As concerns the practice of the Jesus Prayer and Hesychasm, the differences between Roman Catholic and Orthodox theology came to a head in the Hesychast controversy of the 14th Century, in the disputes between St Gregory Palamas and Barlaam, and later Akyndinos. The theology of St Gregory Palamas was vindicated in the Orthodox Church, and his opponent, the originally Orthodox Barlaam, imbued with Western scholastic theology, ended up a Catholic bishop in Italy. To this day, the Roman Catholic Church has been uneasy with the theology of St Gregory Palamas. In any hypothetical union, it is doubtful whether the Roman Catholic Church would accept to have St Gregory on the church calendar as a saint, even as a local Orthodox saint. Hence, it is extremely doubtful that an Eastern Rite Catholic is ‘on track’ if he accepts Palamite theology. That is, as a member of the Catholic Church, he is obliged to accept the teachings of the Roman Pontiff. However, it is extremely doubtful if that allows him to accept Palamite theology.
The fellow who asked us to comment directed us to this quotation from Pope John Paul II:
The hesychast controversy marked another distinctive moment in Eastern theology. In the East, hesychasm means a method of prayer characterized by a deep tranquillity of the spirit, which is engaged in constant contemplation of God by invoking the name of Jesus. There was no lack of tension with the Catholic viewpoint on certain aspects of this practice. However, we should acknowledge the good intentions which guided the defense of this spiritual method, that is, to emphasize the concrete possibility that man is given to unite himself with the Triune God in the intimacy of his heart, in that deep union of grace which Eastern theology likes to describe with the particularly powerful term of “theosis”, “divinization”.
This indicates to us that Pope John Paul II did not accept Palamite theology: ‘There was no lack of tension with the Catholic viewpoint on certain aspects of this practice. However, we should acknowledge the good intentions which guided the defense of this spiritual method,…’ When a Roman Catholic speaks of admitting the good intentions of someone, he wants to say that the fellow was wrong, but at least he meant well. We concede that a Roman Pontiff has never pronounced infallibly, so a member of an Eastern Rite Church might be able to claim that he is not bound in conscience, but that is his own affair with his own conscience. In our view, a member of an Eastern Rite Catholic Church has to clarify within himself just what his theology is, and how it is to be constrained by the principles of Roman Catholic theology. Otherwise he is in danger of a ‘cafeteria Catholicism’ of the right: a picking and choosing without regard to consistency with his own basic principle of allegiance to the Pope. Hence, just how consistent is it for an Eastern Rite Catholic to quote the Abbot of an Athonite monastery? And, indeed, when the Abbot is himself quoting St Gregory Palamas? Are we not just fooling ourselves?

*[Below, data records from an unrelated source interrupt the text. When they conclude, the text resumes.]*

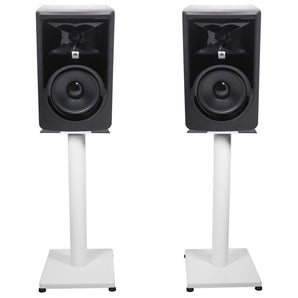 (2) JBL 306P MkII 6" Powered Studio Monitor Monitoring Speakers+White 21" Stands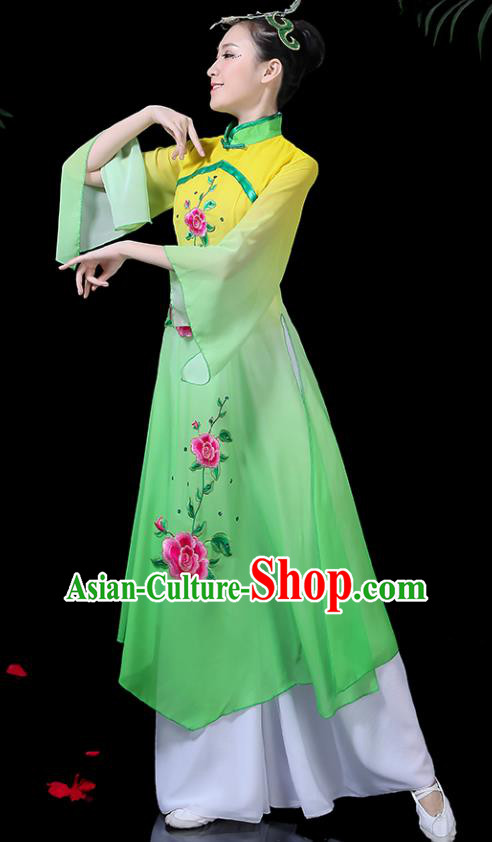 Chinese Classical Dance Umbrella Dance Costume Traditional Fan Dance Dress for Women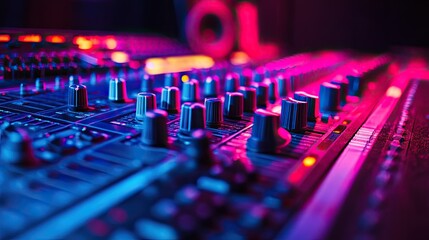 professional mixing console in a recording studio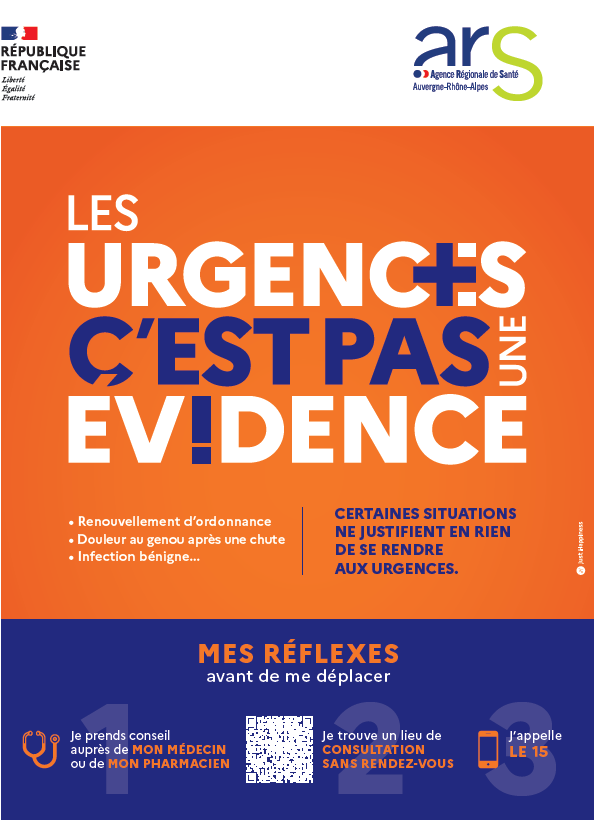 L'accès aux soins durant l'hiver, affiche 2023-2024 : « Les urgences, c’est pas une évidence ! » - Aff
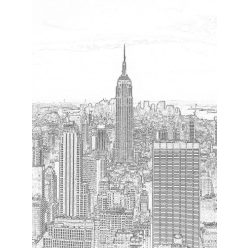   New York körvonalai poszter, fotótapéta, Vlies  (206x275 cm, álló)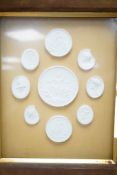Nine Grand Tour / Napoleonic plaster cameo plaques (framed as one) frame 27cm high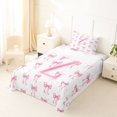 thumbnail image 5 of Manfei Pink Ribbon Bow Twin Sheet Sets For Girls,Cute Letter Z Initial Bedding For Kids,3pcs, 5 of 6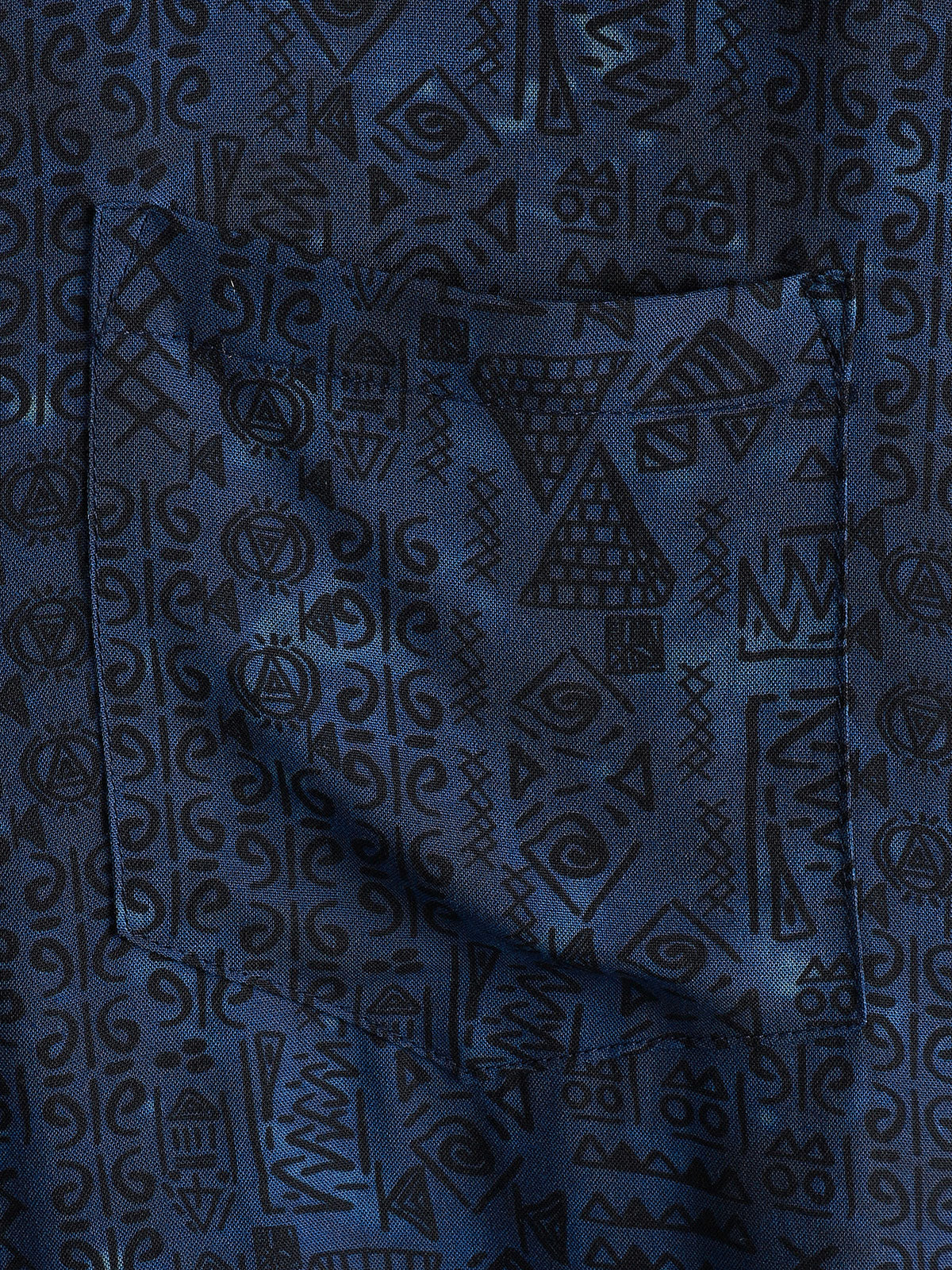 Short-Sleeve Tribal Geometric Navy Print Shirt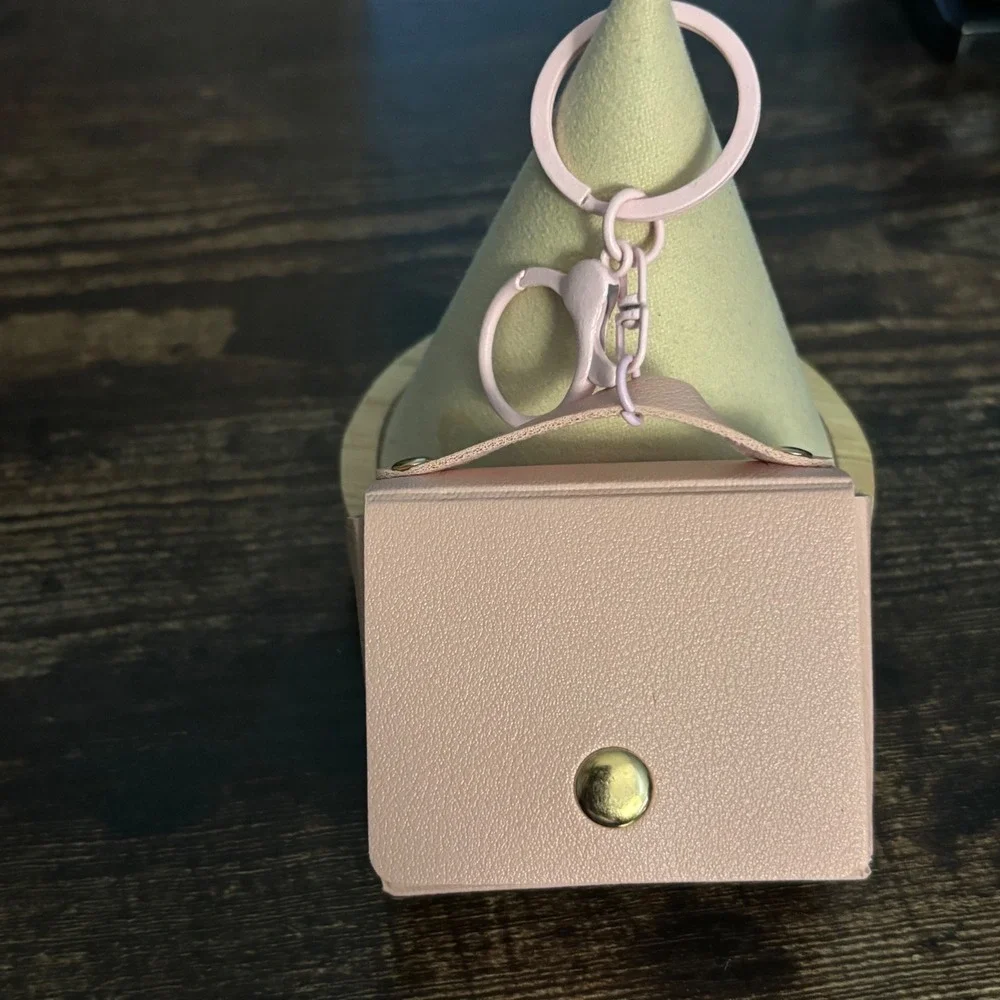 Mini Pink Faux Leather Satchel Keychain Pouch Coin Purse Bag Charm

Let us get to the heart of the matter: the role of these theological difference in the practice of the Jesus Prayer and Hesychasm.

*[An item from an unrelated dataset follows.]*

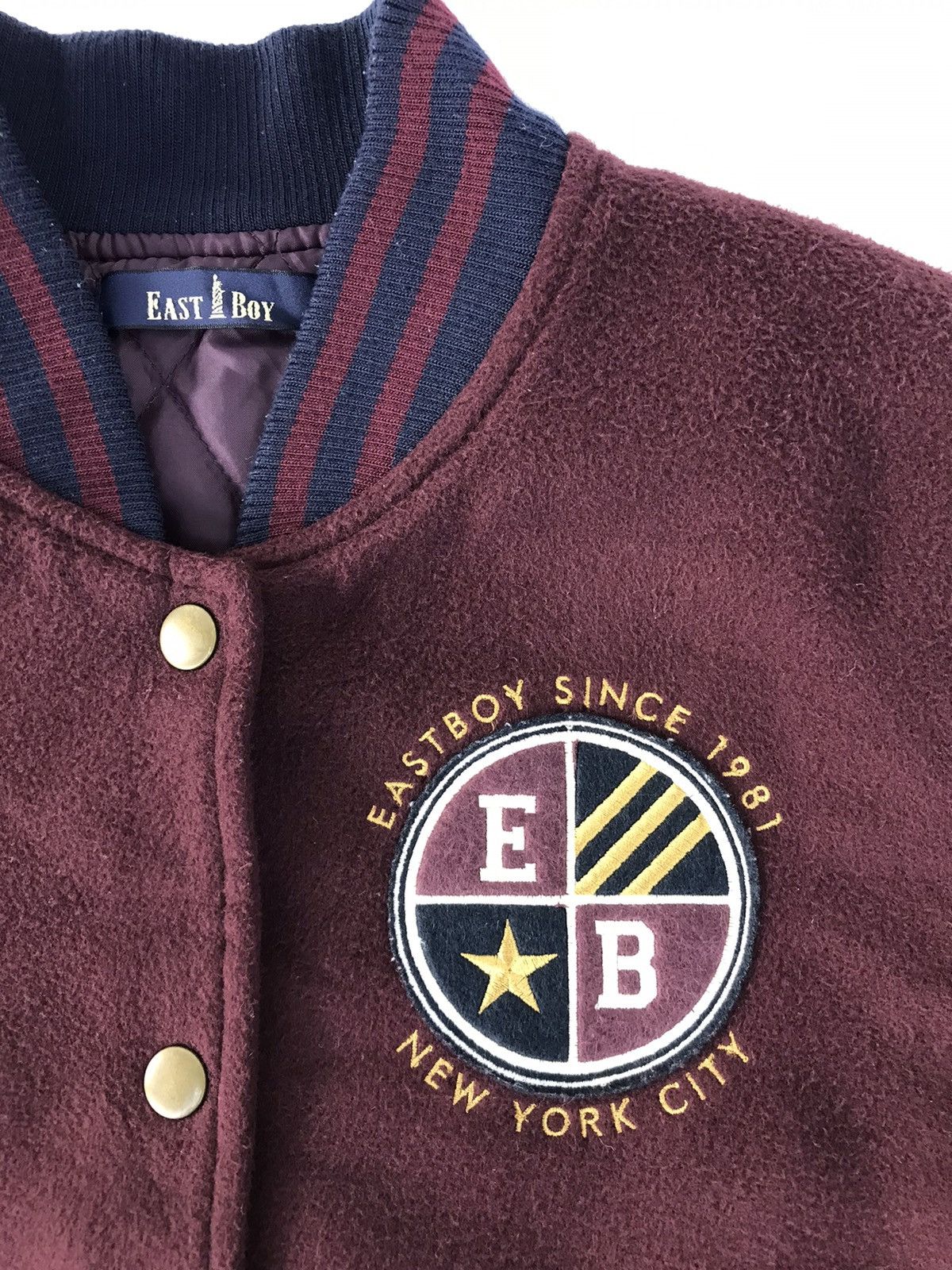 Vintage Eastboy Since 1981 Varsity Jacket Snap Button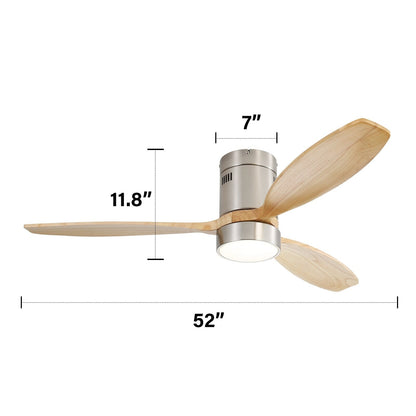 Ventilateur de plafond Sofucor à montage encastré de 52 pouces avec télécommande, moteur réversible, éclairage intégré en option.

Let us first point out that the serious practice of the Jesus Prayer and Hesychasm is a rather isolated event in the Eastern Rite Catholic Churches. By the ‘serious practice’, we mean, the way that it is practised, say, on Mt Athos by Hesychasts. We recognize that some people pray the Jesus Prayer for an hour a day, either vocally or silently, as a devotion to the Holy Name of Jesus or because of high blood pressure, or even to ask mercy from the Lord.
The first problem is the interpretation of the expression ‘bringing the mind into the heart’. A study of Roman Catholic theology will make it clear that this expression has no meaning in Thomist psychology. It is an absurdity. It can at best, in Thomist psychology, be treated as a metaphor for praying with feeling or intention—for praying with the sentiment—or as a description of a somatic practice. The Orthodox do not mean ‘praying with the sentiment’ when they speak of bringing the mind into the heart, and they do not treat the Jesus Prayer as a somatic practice. There is much more to Hesychasm, and the Orthodox monk means that his mind descends to the physical region of his heart. How is the Eastern Rite Catholic who is being consistent with his own theological principles going to bring his mind into his heart? Is he not just picking and choosing what he wants to hear?

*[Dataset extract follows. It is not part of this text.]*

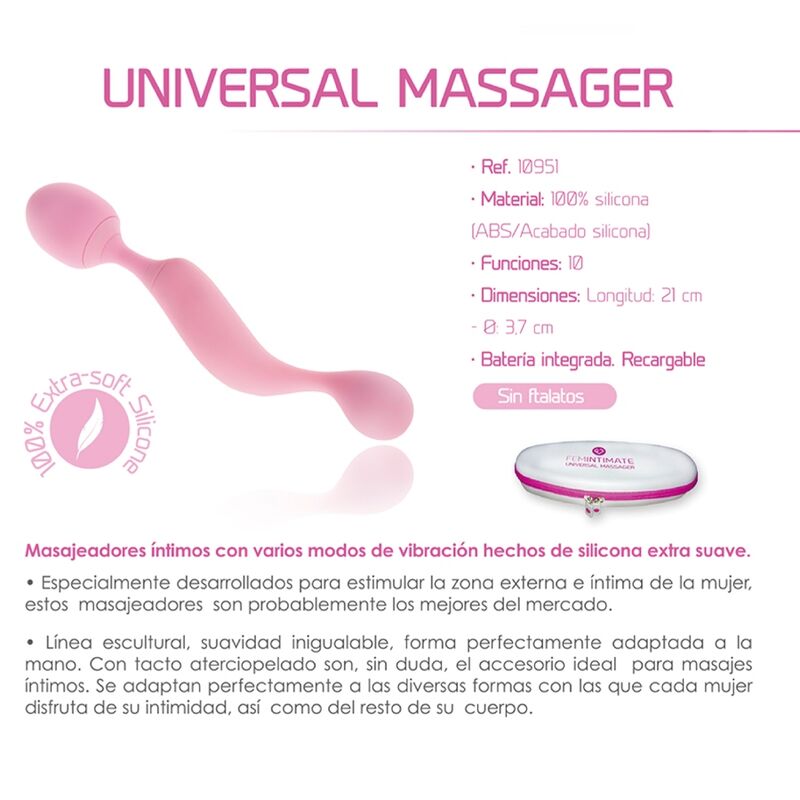 Femintimate - Universal Massager Silicone Vibrator Pink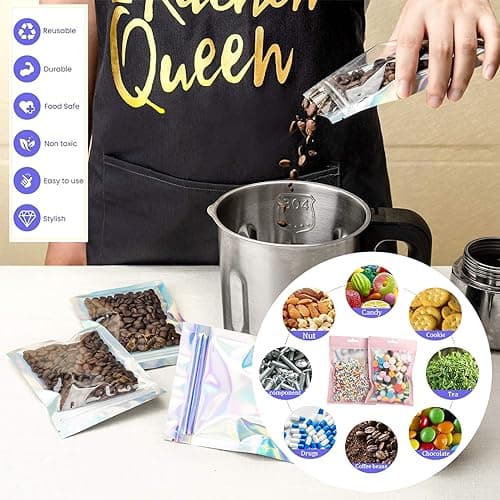 YAAVAAW Silver Foil Ziplock Bags Medium Smell Proof Bag Mylar Holographic Packaging Bags, 20pcs Resealable Storage Pouches Grip Seal Clear Plastic for Food Storage, Jewelry, 6.3x9.5inch(16x24cm) — view 5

We find this description of Hesychasm in the above remark of Pope John Paul II, who was a neo-Thomist: ‘In the East, hesychasm means a method of prayer characterized by a deep tranquillity of the spirit, which is engaged in constant contemplation of God by invoking the name of Jesus.’ Let us concede that Pope John Paul II was speaking to a general audience and that he might have had a much deeper knowledge of Hesychasm. While the invocation of the name of Jesus (which taken in and of itself is a well-known Roman Catholic practice) is part of the Jesus Prayer and Hesychasm, there is much more to the Orthodox practice than that. The practice of Hesychasm involves a very delicate mental ascesis in conditions of isolation based on refusing tempting thoughts, the result of which mental ascesis is a purity of soul identified by St Hesychios, for example, with the ‘purity of heart’ of the Gospel. Moreover, the reason we bring the mind into the heart is to engage in this mental ascesis in the heart, with our consciousness centred in the heart. This mental ascesis is combined with the uninterrupted repetition of the Jesus Prayer 24 hours a day, seven days a week. When in this way the Hesychast has attained to a practice of the Jesus Prayer in the heart without images—recall that he is through mental ascesis refusing tempting (indeed, all) thoughts—then he is said by St Hesychios to be engaged in the ‘guard of the mind’. It is from the ‘guard of the mind’ that the Hesychast is raised to contemplation. But these concepts simply do not make sense in the context of Roman Catholic mystical psychology. What is the Eastern Rite Catholic to do?
Finally, Pope John Paul II finishes his remark by saying: ‘…that is, to emphasize the concrete possibility that man is given to unite himself with the Triune God in the intimacy of his heart, in that deep union of grace which Eastern theology likes to describe with the particularly powerful term of “theosis”, “divinization”.’ Now as far as it goes, that is the meaning of theosis or divinization. But there is a problem. In Roman Catholic theology, grace is created. In Orthodox theology, grace is uncreated. Moreover, there are serious issues between Roman Catholic theology and Orthodox theology concerning the nature of the union with God given in mystical experience. Hence, there is implicit in Pope John Paul II’s remark a reinterpretation of the Orthodox concept of divinization into Roman Catholic theological terms. What is the Eastern Rite Catholic going to do?
Basically, the Eastern Rite Catholic has these three options open to him: He can pursue Hesychasm and the full form of the Jesus Prayer in an Orthodox way, at the cost of a deep tension between his spiritual practice and his Catholic identity. Or, he can attempt to reinterpret the Jesus Prayer in a Catholic way—most likely by turning it into a Catholic devotion, since reinterpreting the full Orthodox form of Hesychasm in a Catholic way would require very great theological talent. Or he can drop the Jesus Prayer and Hesychasm, and turn to an essentially Western Catholic spirituality. Historically, very few people have chosen the first alternative; more have chosen the second; and most have chosen the third.
For these reasons, and others, we think that the reason that the Eastern Rite Catholic churches manifest such a Westernized spirituality is not merely historical accident, but an inner dynamic of conformity to Roman Catholic theology and practice.